Of course, I didn’t allow stereotypes to limit my options either. There were, after all, plenty of pilgrim-shoed nuns with theoretically untapped hymens roaming around the halls of Corpus Christi, and perhaps my still-miniature love spigot would register as an insistent blip on one of their vaginal sonars. Then again maybe not: the particular beasts known as men accept sexual favors, as an axiom, with few preliminaries; women, on the other hand, prefer some kind of emotional connection. I shudder to think of what genre of connection was conceivable between me and Sister Geraldine, a visigothic elderly nun of abundant size and wrath.

These sisters, all over fifty years old, lived in a modest (although all-brick-exterior) convent across the street from the school with a mutt named Patches. Had the nuns of our school resembled the large-breasted, coquettish orders depicted in Italian nunsploitation films, the boys of Corpus Christi, nearing pubescence, might have been more imaginative in their conjectures of what went on in that convent. Perhaps Patches and a jar of creamy peanut butter might’ve figured prominently. As it was, we imagined only a great deal of gardening, squabbling over chores, compulsory prayer, and watching the local religious channel. Not exactly fodder for late-night Cinemax.

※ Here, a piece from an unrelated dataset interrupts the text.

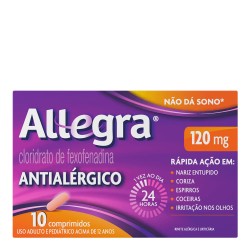 ALLEGRA 120 MG C/10 COMPRIMIDOS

Years later now, I am considering suing the Catholic Church--that is, if all its assets have not yet been liquidated to pay off children who were deemed sexy and desirable enough to molest. My self-esteem has eroded to such an extent that I doubt that even the most salacious, indiscriminate priest would’ve touched me then if I’d been naked, goose-fleshed, and presented on a sterling silver serving platter along with a fifth of Dark Eyes vodka and a clove cigarette. In short, I fear that I will never properly recover from not being molested. Of course, a cash settlement in the amount of 1.3 million dollars (and a book deal) might go some way toward inhibiting my serotonin reuptake temporarily, but I imagine that I will never cease to be haunted by the specters of the myriad ecclesiastics who have failed to want to toss my salad when it seemed (to me) eminently tossable.